Os estudos de Moje et al. (2011) sinalizam que é fundamental construir em sala de aula novos espaços, não para ensinar na perspectiva do discurso certo ou errado, mas para construir um espaço múltiplo de discursos, em que os estudantes tenham a oportunidade de sentir-se valorizados em seus saberes.

Outros estudos apontam para a importância de compreender o discurso. Por exemplo, Candela (1990) analisa uma aula de 5º ano do ensino fundamental quando o professor solicitou, na aula anterior, que um grupo de alunos preparasse em casa experiências a partir da lição do livro de ciências sobre os seres vivos. Ela discute sobre a construção discursiva de contextos argumentativos no ensino de ciências e enfatiza a necessidade de compreender o discurso das crianças, já que muitos trabalhos enfocam a perspectiva do professor. Entretanto, não desconsidera o discurso do professor como referência para

compreender o discurso infantil, pois “ao invés de analisar quais as ações dos professores que

facilitam a aprendizagem dos alunos, analiso quais as condições de interação que são criadas coletivamente e como são aproveitadas para a construção de significados” (CANDELA, 1990, p. 144). Essas análises são possíveis se o pesquisador não se detiver à sequência de turnos de fala, mas se os significados forem compreendidos no conjunto das ações discursivas (p. 166), o que mantém relação com os pressupostos da nossa pesquisa.

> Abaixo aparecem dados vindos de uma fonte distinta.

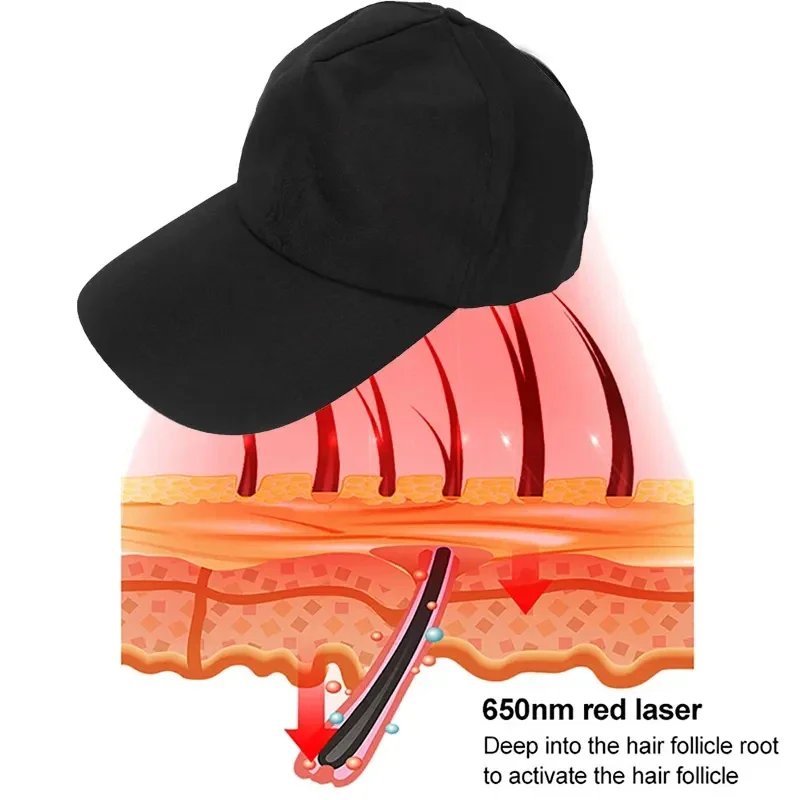 

Portable Laser Hair Loss Treatment Machine Cap Type Phototherapy Equipment with Fast Shipping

Ao analisar as interações, Candela (1990) argumenta que, quando o professor não retoma as dúvidas das crianças, impede-as de se posicionar, dificultando a negociação de

significados. A autora conclui que, no contexto discursivo, as crianças constroem diferentes pontos de vista que são confrontados, negociados e reconstruídos no processo interativo, o que gera novos significados.